TOKEN_THRESHOLD = 100_000

def agent_loop(client, messages: list, tools: list):
    while True:
        micro_compact(messages)                    # ① Layer 1

        if estimate_tokens(messages) > TOKEN_THRESHOLD:
            messages = auto_compact(client, messages)  # ② Layer 2

        response = client.messages.create(
            model=MODEL, system=SYSTEM,
            messages=messages, tools=tools, max_tokens=8000,
        )
        messages.append({"role": "assistant", "content": response.content})

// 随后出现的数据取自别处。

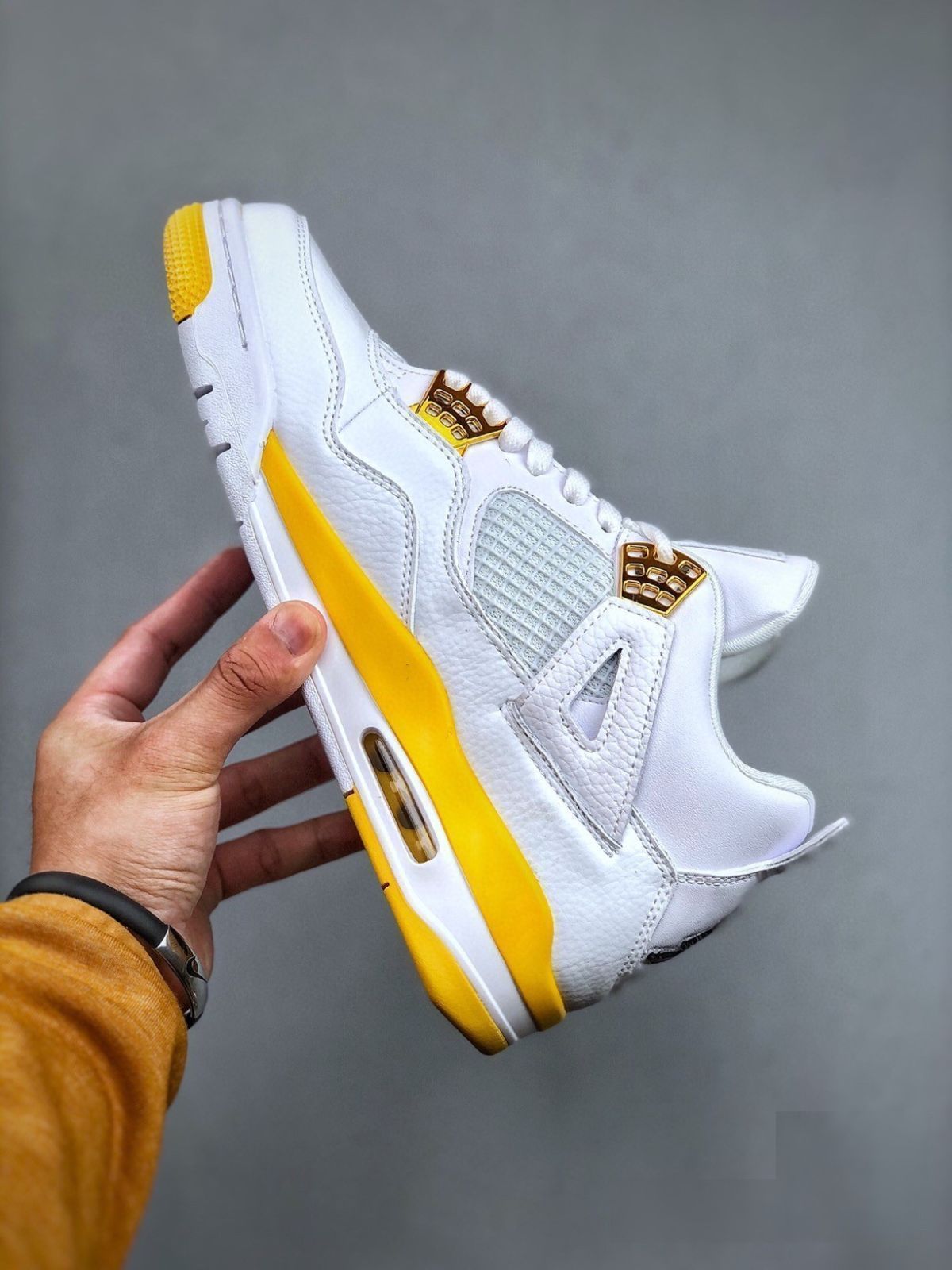 お値下げしました??即購入新品箱付?? Nike air jordan 4 retro wnns vivid sulfura ナイキ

        if response.stop_reason != "tool_use":
            return

        results = []
        for block in response.content:
            if block.type != "tool_use":
                continue
            if block.name == "compact":            # ③ Layer 3
                messages, output = handle_compact(client, messages)
            else:
                output = dispatch_tool(block)
            results.append({
                "type": "tool_result",
                "tool_use_id": block.id,
                "content": output,
            })
        messages.append({"role": "user", "content": results})

Layer 1 每轮循环开头，静默执行，零感知
Layer 2 发送给模型之前检查，超阈值才触发
Layer 3 工具 dispatch 阶段，模型自主决定

三层压缩在循环中的集成点

洞见

信息没有丢失，只是移出了活跃上下文

micro_compact 替换的旧输出？模型可以重新执行命令获取。auto_compact 保存的完整对话？落盘在 .transcripts/ 里随时回看。LLM 摘要保留了目标、进度、关键决策——这些才是继续工作真正需要的。

这和人类记忆一样：你不需要记住上周二看的每一行代码，但你记得 "那个模块有竞态条件需要加锁"。摘要是比原始数据更高效的信息载体。

为什么需要三层，不是一层

一层不够，因为压缩有代价：

层级	代价	频率
micro_compact	几乎为零（字符串替换）	每轮
auto_compact	一次 LLM 调用 + 磁盘 IO	偶尔
compact 工具	同 auto_compact	极少

如果只有 auto_compact，每次都要花一次 LLM 调用来做摘要。micro_compact 用近乎免费的字符串替换延缓了摘要的触发时机——能不花钱的地方绝不花钱。

如果只有 micro_compact，面对真正的长对话它迟早顶不住——旧消息的元信息（assistant 回复、占位符）累积到一定量，也会撑满窗口。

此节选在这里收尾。